--- Dataset extract ---
........
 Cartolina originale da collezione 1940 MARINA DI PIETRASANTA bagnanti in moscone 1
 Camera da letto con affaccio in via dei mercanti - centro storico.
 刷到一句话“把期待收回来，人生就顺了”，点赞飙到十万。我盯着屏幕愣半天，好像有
........
--- Required work ---
Extract all of the material exactly as it is written.

--- Written response ---
 Cartolina originale da collezione 1940 MARINA DI PIETRASANTA bagnanti in moscone 1
 Camera da letto con affaccio in via dei mercanti - centro storico.
 刷到一句话“把期待收回来，人生就顺了”，点赞飙到十万。我盯着屏幕愣半天，好像有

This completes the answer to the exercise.